By Richard Menear, CEO of Burning Tree
Thanks to the likes of Amazon, Google and Facebook, the term Artificial Intelligence (AI) has become more widespread than ever before. Defined as a branch of computer science dealing with the simulation of intelligent behaviour in computers, AI promises all sorts from self-driving cars and smart home appliances to robot “employees”.
As algorithms become increasingly complex, AI has evolved to become a crucial aspect of cyber security solutions – with the technology being applied across various fields including spam filter applications, fraud and botnet detection.
By automating threat detection, AI can help to identify threats more efficiently and effectively than other software-driven approaches – ultimately easing the burden and workload of employees. But relying too heavily on these technologies poses a number of risks and if these are overlooked, there is a worry that AI algorithms could create a false sense of security…
A blessing or a curse?
Many companies in a range of industries have already started implementing AI initiatives to great effect. But although AI presents a number of opportunities for businesses and there are many benefits of using these technologies, they also come with substantial risks including malicious corruption and manipulation of data, devices and systems.
Just as companies can use AI to automate and improve business processes, hackers can break through defences using the same technology and automate the identification of vulnerabilities. So, for CIOs and CISOs who are responsible for corporate security, AI can prove to be both a blessing and a curse.

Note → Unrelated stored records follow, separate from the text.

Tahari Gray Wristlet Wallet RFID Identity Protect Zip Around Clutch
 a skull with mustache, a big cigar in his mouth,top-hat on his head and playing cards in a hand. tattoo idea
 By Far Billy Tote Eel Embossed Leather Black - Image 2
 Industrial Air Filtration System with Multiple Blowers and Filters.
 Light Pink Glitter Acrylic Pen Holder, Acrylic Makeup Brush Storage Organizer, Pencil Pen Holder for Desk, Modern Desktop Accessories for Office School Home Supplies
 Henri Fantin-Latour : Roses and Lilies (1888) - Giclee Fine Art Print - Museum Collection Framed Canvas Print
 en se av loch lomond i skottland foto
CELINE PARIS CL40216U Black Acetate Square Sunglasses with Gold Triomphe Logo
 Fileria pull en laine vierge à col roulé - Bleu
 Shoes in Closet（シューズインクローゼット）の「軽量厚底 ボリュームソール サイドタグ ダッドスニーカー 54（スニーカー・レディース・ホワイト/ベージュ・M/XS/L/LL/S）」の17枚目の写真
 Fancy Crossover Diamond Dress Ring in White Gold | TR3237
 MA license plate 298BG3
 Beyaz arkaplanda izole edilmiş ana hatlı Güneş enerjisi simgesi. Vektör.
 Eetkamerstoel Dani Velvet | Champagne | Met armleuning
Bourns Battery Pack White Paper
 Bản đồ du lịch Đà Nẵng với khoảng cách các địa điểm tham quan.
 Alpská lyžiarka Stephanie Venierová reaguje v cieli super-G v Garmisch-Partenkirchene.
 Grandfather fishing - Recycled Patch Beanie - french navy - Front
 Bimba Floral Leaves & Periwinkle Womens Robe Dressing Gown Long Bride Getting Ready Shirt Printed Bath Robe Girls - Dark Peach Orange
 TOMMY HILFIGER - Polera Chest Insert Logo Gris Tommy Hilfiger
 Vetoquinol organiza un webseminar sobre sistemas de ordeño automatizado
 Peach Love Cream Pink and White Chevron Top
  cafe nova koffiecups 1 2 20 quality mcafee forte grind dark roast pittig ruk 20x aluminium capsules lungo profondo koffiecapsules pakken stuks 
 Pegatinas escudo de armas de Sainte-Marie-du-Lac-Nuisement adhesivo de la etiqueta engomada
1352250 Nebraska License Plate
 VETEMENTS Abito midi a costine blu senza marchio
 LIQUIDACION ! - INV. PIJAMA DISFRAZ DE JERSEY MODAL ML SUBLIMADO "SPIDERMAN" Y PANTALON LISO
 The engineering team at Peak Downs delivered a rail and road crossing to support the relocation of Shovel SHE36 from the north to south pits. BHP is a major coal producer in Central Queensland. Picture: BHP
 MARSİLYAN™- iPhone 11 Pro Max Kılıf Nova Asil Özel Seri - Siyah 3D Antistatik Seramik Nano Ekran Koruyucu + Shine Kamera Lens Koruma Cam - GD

If hackers are able to fool learning-based systems, they will also be able to exploit the classification systems AI is built on. For example, they could learn to imitate people’s writing styles – enabling them to execute more realistic and effective phishing attacks. Or they could prevent AI learning altogether, using methods such as tunnelling protocol and altering log files to scrub their tracks – meaning the AI won’t be able to identify a similar attack in the future.
Fighting AI with AI
Fortunately, there are ways for companies to protect their data and systems from AI-based attacks. Part of the answer lies in harnessing the power of AI itself to help strengthen existing cyber security processes and capabilities. Appropriate defences also need to be put in place for existing AI initiatives to ensure they are secure.
A combination of AI and blockchain technology could help develop a decentralised, cryptographically-sealed system log, for example – meaning hackers would not be able to use traditional methods of scrubbing their presence from log files. For high-risk targets such as banks, which may experience a number of cyber incidents every day, AI can also be used to automate systems and help filter out truly dangerous threats from easily-addressed issues.
An intelligent response
By investing in AI, companies can hope to streamline their cyber security processes and reduce the workload for CIOs and CISOs – enabling them to prioritise risk areas and to intelligently automate manual tasks. Not only will this improve operational efficiencies, but it will also help to reduce costs. What’s more, AI can also aid and facilitate intelligent responses to attacks based on shared knowledge and learning.